Nach dem Abendessen saßen die beiden Freunde noch lange um die Feuerstelle und plauderten. An das Kichern der Hyänen und das Knurren der Leoparden waren sie gewöhnt. Ihnen behagte dieses rauhe Leben fernab der Bequemlichkeit des Palastes von Memphis und des Harim von Mer-Our. Mit derselben Begeisterung erwarteten sie den Morgen, der ihnen, davon waren sie überzeugt, neue Einblicke gewähren würde in das Geheimnis, das sie beharrlich zu ergründen suchten. Manchmal sprachen sie kein Wort und lauschten nur in die Nacht. Raunte sie ihnen nicht zu, ihre Jugend würde alle Hindernisse bezwingen?

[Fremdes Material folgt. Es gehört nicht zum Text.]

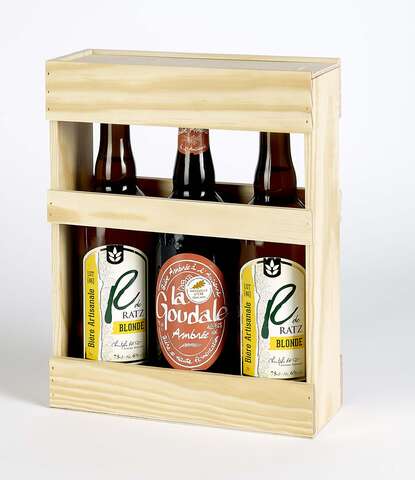 Coffret bois 3 bières 75cl : Verpackung fur flaschen und regionalprodukte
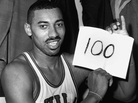 Wilt Chamberlain of the Philadelphia Warriors poses in the dressing room after he scored 100 points in a game against the New York Knickerbockers on March 2, 1962. Wilt Chamberlain of the Philadelphia Warriors poses in the dressing room after he scored 100 points in a game against the New York Knickerbockers on March 2, 1962.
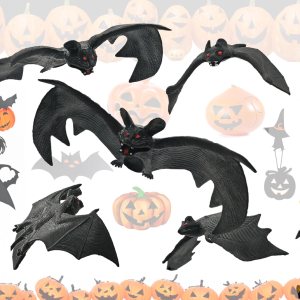 Decoraciones de murciélagos colgantes de Halloween, 5 piezas de murciélagos de goma voladores espeluznantes para exteriores e interiores, Decoraciones de murciélagos colgantes de Halloween, 5 piezas de murciélagos de goma voladores espeluznantes para exteriores e interiores,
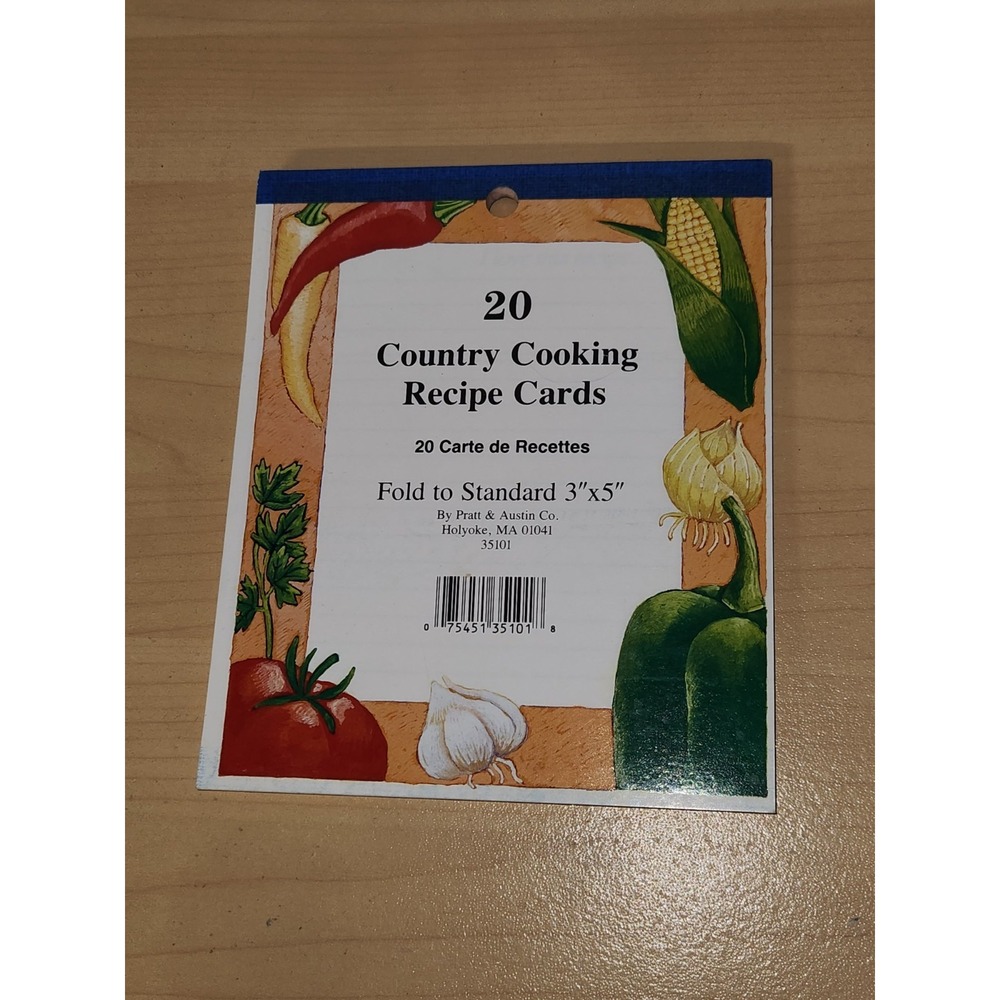 Vintage Country Cooking Recipe Cards 20 Double Sided 3" x 5" Cards Made in USA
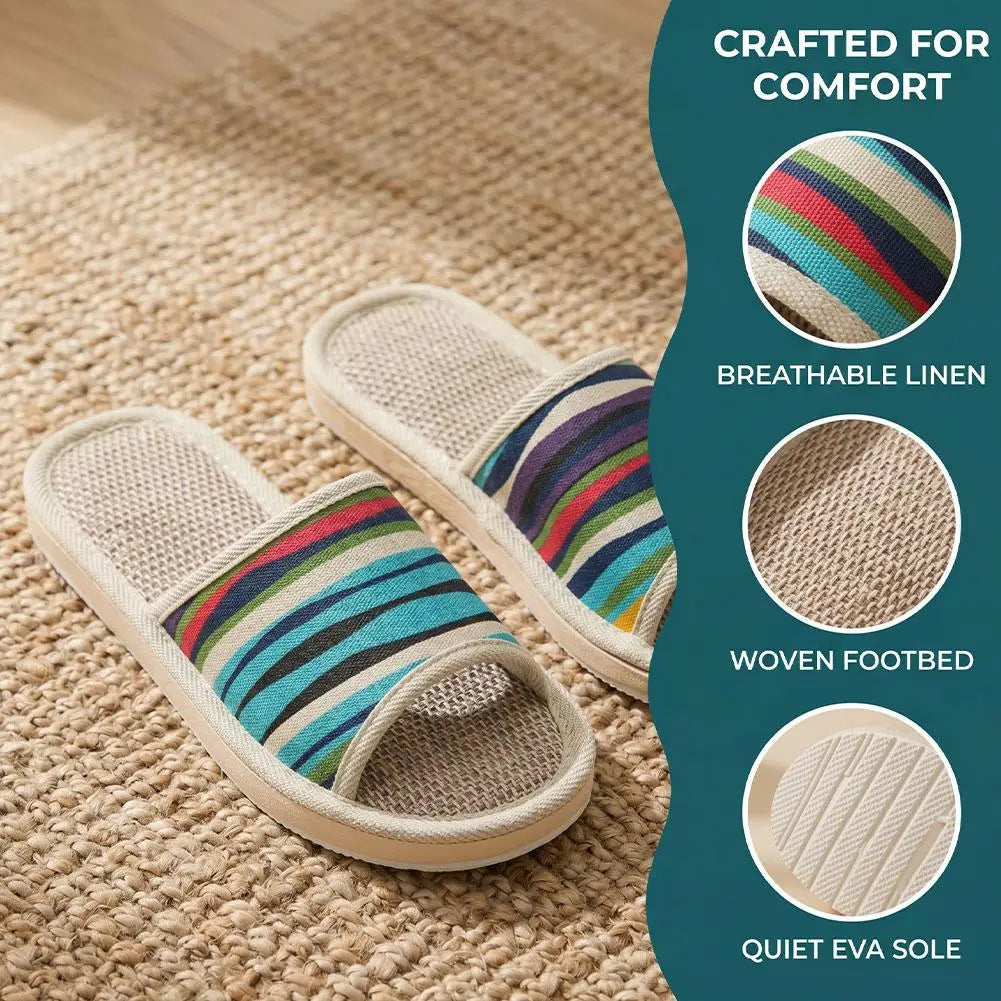 Multicolor Linen Indoor Slippers – Non-Slip Striped Slides Indoor Slippers Qme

Der lange Zug kam zum Stillstand.

Noch am Vormittag? Das war ungewöhnlich. Ramses befahl seinen Männern, ihr Gepäck abzulegen und sich auf den Kampf vorzubereiten.

»Ruhig Blut«, empfahl ein Soldat, über dessen Brust eine lange Narbe verlief. »Bei allem Respekt, Kommandant, wir sollten lieber ein Friedensgebet sprechen.«

»Woher nimmst du deine Gelassenheit?«

»Weil wir am Ziel sind.«

Ramses trat ein paar Schritte seitwärts. Ein Felsplateau, das unzugänglich schien, zeichnete sich in der Sonne ab.

Vor ihnen lag Serabit el-Khadim, Herrschaftsgebiet der Göttin Hathor, Herrin des Türkislandes.